*** Opening DATA FOR THIS TASK ***

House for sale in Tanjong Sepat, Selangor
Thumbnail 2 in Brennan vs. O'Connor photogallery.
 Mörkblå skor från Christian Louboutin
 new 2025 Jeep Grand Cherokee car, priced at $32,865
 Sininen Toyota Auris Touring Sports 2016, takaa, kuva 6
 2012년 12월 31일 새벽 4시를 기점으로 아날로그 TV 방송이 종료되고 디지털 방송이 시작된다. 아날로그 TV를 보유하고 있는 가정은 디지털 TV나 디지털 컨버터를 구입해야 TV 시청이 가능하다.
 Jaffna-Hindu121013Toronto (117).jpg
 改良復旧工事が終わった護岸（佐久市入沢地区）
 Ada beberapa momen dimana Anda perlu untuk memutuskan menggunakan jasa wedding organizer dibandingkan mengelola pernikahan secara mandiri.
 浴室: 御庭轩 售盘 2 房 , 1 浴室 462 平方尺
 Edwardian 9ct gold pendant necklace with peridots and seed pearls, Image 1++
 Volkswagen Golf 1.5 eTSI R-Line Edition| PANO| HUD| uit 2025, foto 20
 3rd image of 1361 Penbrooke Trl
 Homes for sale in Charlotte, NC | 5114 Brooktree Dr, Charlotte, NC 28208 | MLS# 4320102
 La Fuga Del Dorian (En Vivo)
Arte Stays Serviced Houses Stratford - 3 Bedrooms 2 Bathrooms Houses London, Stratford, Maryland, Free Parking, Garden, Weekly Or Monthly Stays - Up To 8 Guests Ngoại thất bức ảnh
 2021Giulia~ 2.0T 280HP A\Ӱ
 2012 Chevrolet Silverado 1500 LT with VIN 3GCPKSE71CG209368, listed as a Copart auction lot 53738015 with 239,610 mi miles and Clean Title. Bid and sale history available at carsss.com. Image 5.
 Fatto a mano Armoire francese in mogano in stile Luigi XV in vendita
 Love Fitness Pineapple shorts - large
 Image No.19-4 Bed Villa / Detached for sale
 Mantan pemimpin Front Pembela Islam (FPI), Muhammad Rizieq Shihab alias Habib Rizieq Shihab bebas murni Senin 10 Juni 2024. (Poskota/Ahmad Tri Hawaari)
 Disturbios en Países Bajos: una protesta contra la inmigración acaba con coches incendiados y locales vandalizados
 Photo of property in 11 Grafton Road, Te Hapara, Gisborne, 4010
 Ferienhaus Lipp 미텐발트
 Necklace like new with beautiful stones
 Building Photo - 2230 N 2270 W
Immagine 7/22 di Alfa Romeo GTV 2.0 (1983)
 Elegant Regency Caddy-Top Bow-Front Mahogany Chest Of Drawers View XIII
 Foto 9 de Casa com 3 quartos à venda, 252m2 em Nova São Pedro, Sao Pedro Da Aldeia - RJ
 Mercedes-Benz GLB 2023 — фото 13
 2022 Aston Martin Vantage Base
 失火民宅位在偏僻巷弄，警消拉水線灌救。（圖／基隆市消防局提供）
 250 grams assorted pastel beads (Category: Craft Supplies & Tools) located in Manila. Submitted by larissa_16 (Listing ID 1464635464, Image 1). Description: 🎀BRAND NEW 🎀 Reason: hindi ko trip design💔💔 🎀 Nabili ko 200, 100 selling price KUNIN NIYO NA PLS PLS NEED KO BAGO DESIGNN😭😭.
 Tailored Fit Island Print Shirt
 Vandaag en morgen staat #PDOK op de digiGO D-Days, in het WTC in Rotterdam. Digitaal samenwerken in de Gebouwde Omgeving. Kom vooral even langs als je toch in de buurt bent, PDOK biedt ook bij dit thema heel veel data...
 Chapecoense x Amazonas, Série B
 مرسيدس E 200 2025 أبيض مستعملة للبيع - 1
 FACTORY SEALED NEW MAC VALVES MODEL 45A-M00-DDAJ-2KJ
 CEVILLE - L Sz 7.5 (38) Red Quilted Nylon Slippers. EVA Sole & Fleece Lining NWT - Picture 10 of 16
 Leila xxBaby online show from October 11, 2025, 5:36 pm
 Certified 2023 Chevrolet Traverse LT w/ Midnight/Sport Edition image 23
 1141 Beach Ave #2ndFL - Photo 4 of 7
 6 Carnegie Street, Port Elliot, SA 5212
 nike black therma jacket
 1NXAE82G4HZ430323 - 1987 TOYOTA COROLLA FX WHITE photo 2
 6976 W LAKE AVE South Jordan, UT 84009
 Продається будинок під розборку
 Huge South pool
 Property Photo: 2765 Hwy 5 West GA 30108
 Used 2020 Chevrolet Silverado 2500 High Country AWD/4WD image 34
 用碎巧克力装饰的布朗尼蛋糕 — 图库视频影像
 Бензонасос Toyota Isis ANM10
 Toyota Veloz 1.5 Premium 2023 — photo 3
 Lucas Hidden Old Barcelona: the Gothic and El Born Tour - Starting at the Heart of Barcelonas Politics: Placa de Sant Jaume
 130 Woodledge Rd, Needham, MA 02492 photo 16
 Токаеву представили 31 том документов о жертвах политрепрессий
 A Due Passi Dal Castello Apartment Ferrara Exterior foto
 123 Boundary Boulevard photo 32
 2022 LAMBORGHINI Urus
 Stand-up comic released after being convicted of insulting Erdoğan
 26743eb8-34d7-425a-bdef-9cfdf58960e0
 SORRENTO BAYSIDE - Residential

*** Closing DATA FOR THIS TASK ***

WHAT YOU HAVE TO DO → Exactly the lines from the one containing "Huge South pool" through the final line above, and only those, should be given again.

RESULT →
 Huge South pool
 Property Photo: 2765 Hwy 5 West GA 30108
 Used 2020 Chevrolet Silverado 2500 High Country AWD/4WD image 34
 用碎巧克力装饰的布朗尼蛋糕 — 图库视频影像
 Бензонасос Toyota Isis ANM10
 Toyota Veloz 1.5 Premium 2023 — photo 3
 Lucas Hidden Old Barcelona: the Gothic and El Born Tour - Starting at the Heart of Barcelonas Politics: Placa de Sant Jaume
 130 Woodledge Rd, Needham, MA 02492 photo 16
 Токаеву представили 31 том документов о жертвах политрепрессий
 A Due Passi Dal Castello Apartment Ferrara Exterior foto
 123 Boundary Boulevard photo 32
 2022 LAMBORGHINI Urus
 Stand-up comic released after being convicted of insulting Erdoğan
 26743eb8-34d7-425a-bdef-9cfdf58960e0
 SORRENTO BAYSIDE - Residential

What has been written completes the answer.